## AIM OF THE EXERCISE
In the entries below, find the line with "Freestyle Motocross Display" and the line with "Apartamento com 3"; reproduce those two lines and all lines between them exactly, without pictures.

## PROVIDED MATERIAL
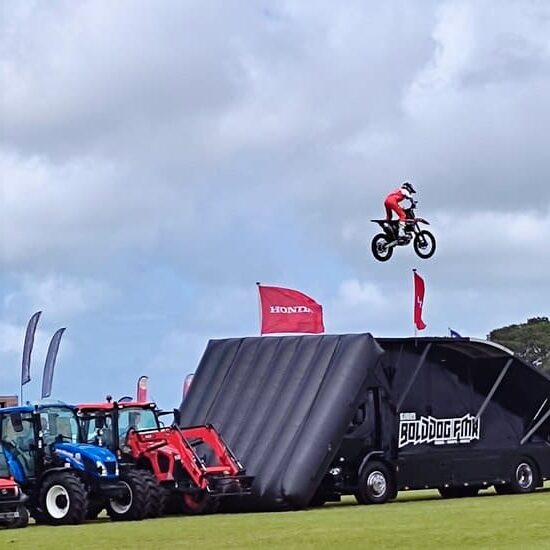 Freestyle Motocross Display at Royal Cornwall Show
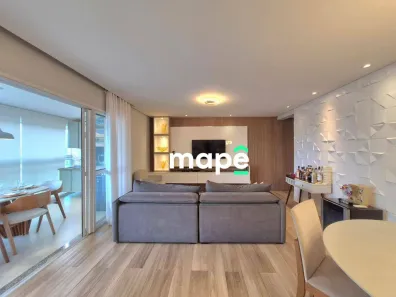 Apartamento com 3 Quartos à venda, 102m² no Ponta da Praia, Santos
...
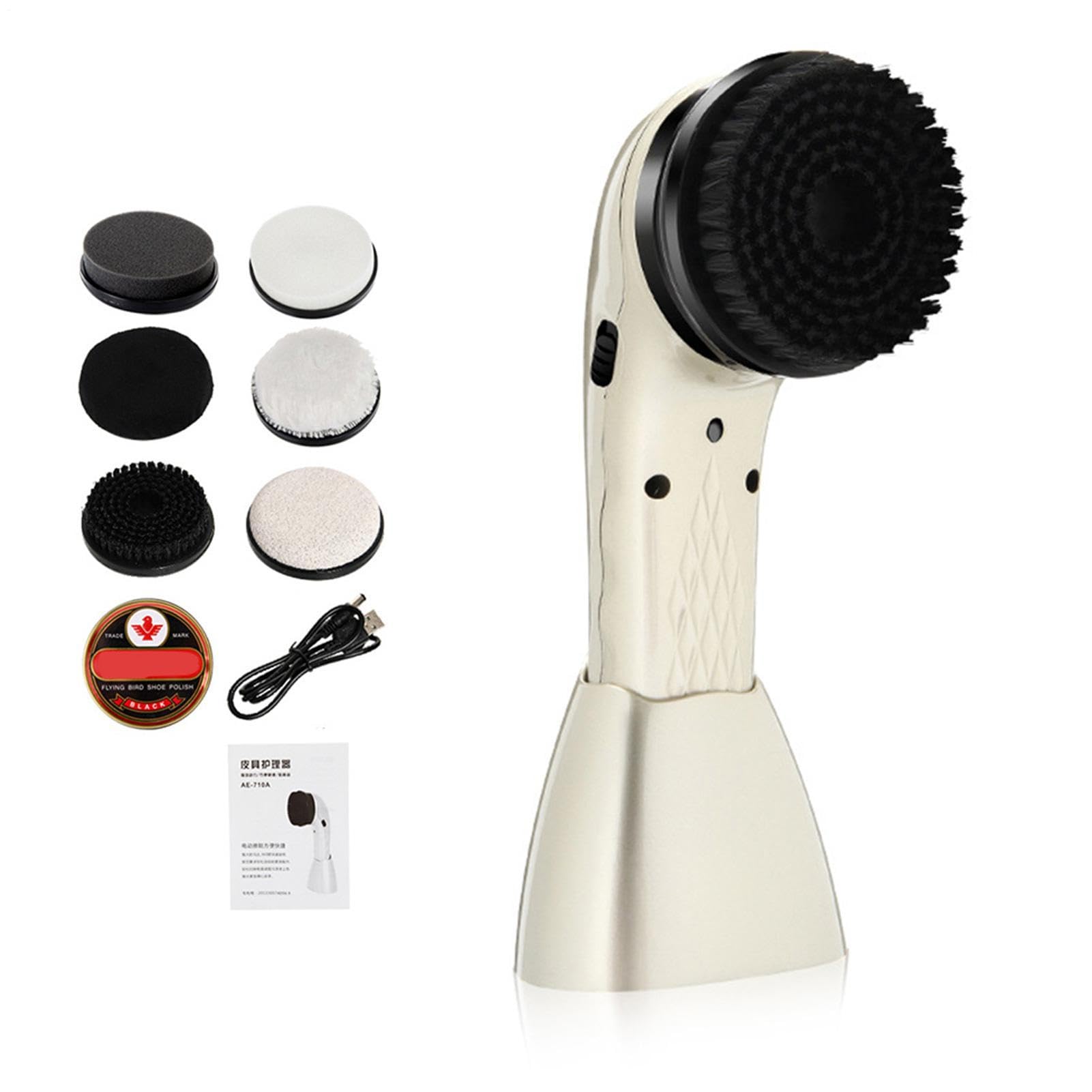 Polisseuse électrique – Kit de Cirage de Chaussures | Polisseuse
==
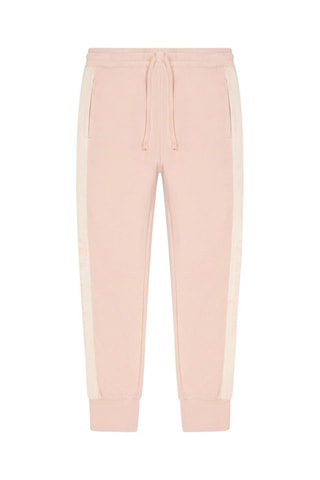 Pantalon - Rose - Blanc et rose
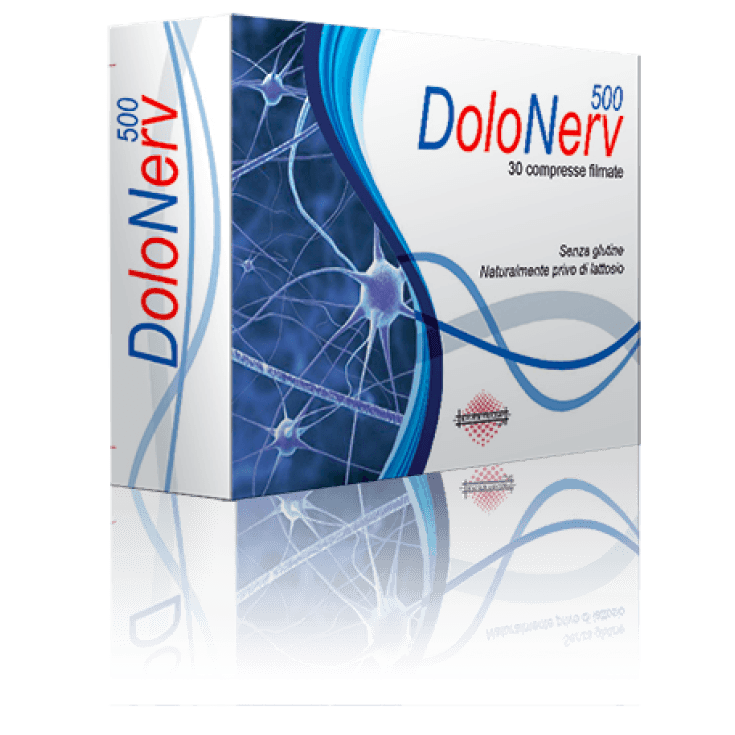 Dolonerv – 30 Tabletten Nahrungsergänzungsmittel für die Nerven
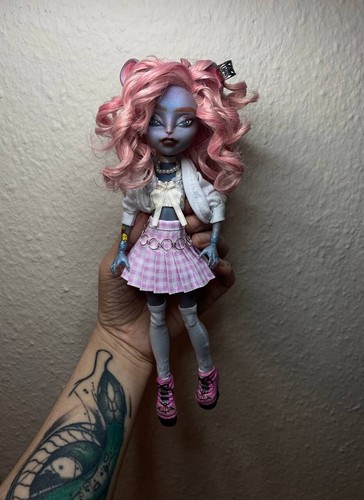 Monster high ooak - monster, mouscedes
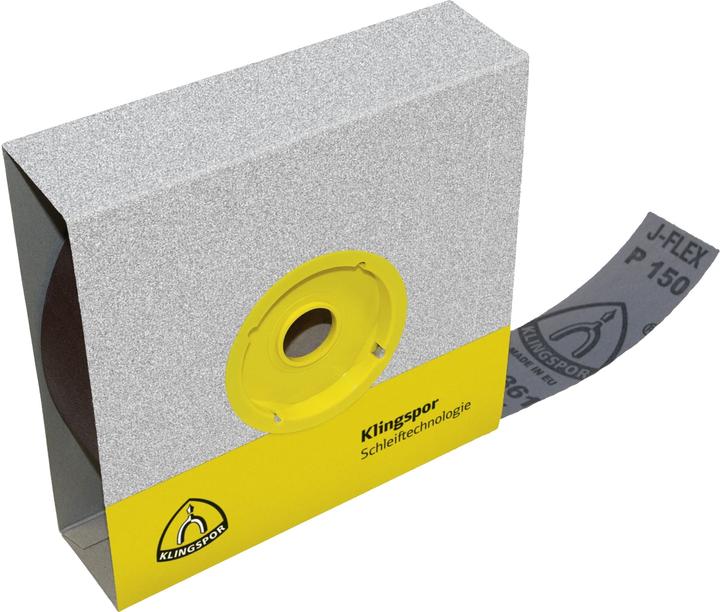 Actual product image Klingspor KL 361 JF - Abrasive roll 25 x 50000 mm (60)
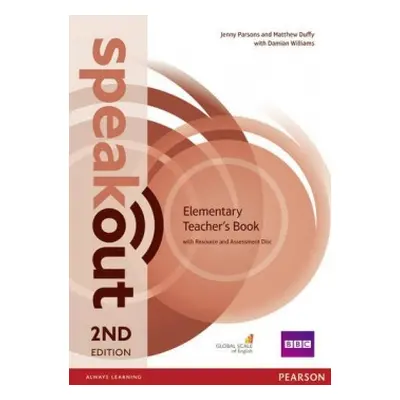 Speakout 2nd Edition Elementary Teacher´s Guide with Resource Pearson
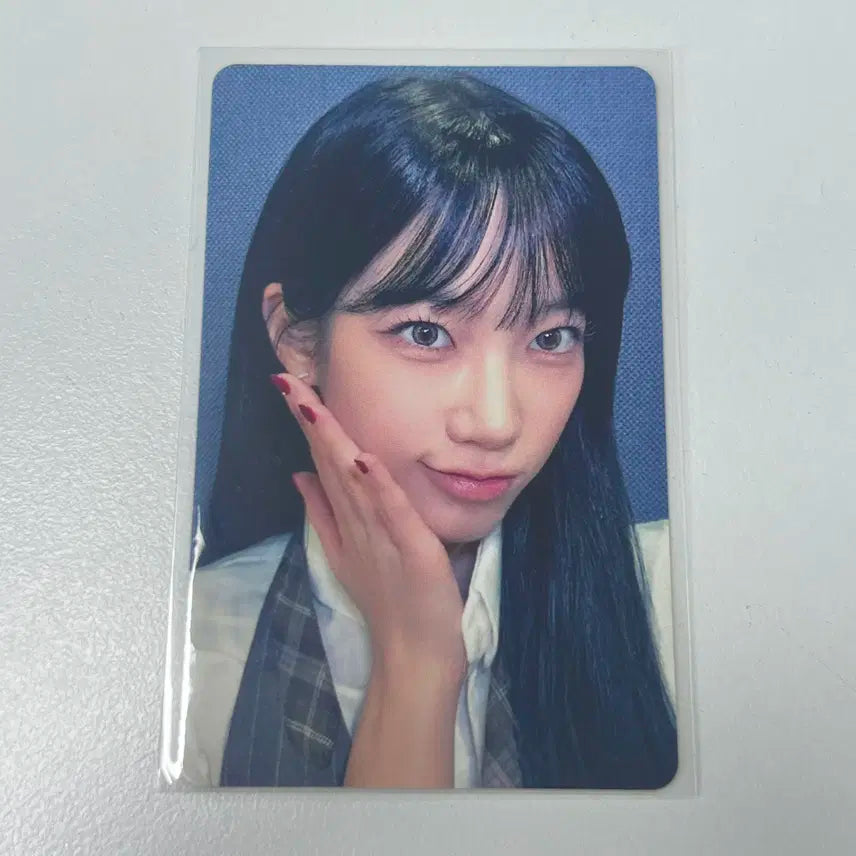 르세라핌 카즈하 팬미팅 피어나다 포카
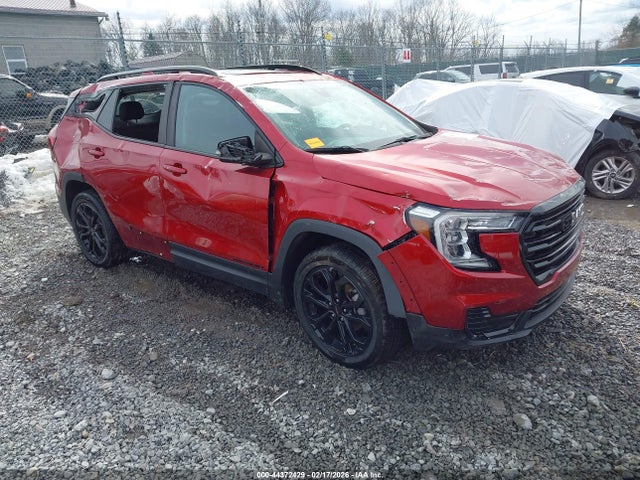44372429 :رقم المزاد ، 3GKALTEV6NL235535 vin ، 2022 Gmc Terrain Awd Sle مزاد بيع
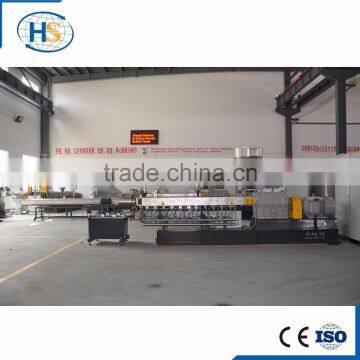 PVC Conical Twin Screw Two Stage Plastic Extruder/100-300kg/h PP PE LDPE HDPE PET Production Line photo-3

## FINISHED EXERCISE
 Freestyle Motocross Display at Royal Cornwall Show
 Apartamento com 3 Quartos à venda, 102m² no Ponta da Praia, Santos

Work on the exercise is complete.